Words from Others on this Topic
There is nothing worse than a brilliant image of a fuzzy concept.
I will contend that conceptual integrity is the most important consideration in system design. It is better to have a system omit certain anomalous features and improvements, but to reflect one set of design ideas, than to have one that contains many good but independent and uncoordinated ideas.
– Fred Brooks, The Mythical Man-Month: Essays on Software Engineering, 1975
In most people’s vocabularies, design means veneer. It’s interior decorating. It’s the fabric of the curtains and the sofa. But to me, nothing could be further from the meaning of design. Design is the fundamental soul of a man-made creation that ends up expressing itself in successive outer layers of the product or service.

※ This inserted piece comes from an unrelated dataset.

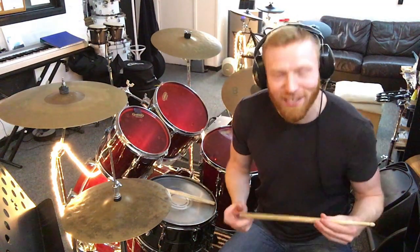Hi drummers, hope you're well. Quick video for you about holding the drumstick. This is going to be short and sweet, but I thought it deserved its own video.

– Steve Jobs, “Apple’s One-Dollar-a-Year Man”, 2000
The whole difference between construction and creation is exactly this: that a thing constructed can only be loved after it is constructed; but a thing created is loved before it exists, as the mother can love the unborn child.
– G. K. Chesterton, Appreciations and Criticisms of the Works of Charles Dickens, 1911
…system architects act as storytellers. They keep alive the promise and vision of the future system, which is particularly valuable during the confusing early periods of a project.
If you imagine a cookbook, each page usually starts with a promise of what the outcome will look like (in the form of a seductive picture), and then it includes a suggested recipe for making it. It does not merely throw a recipe at you, forcing you through the steps to discover the outcome on trust. It sets your expectations first. In computer programming, and in management, we are not always so helpful.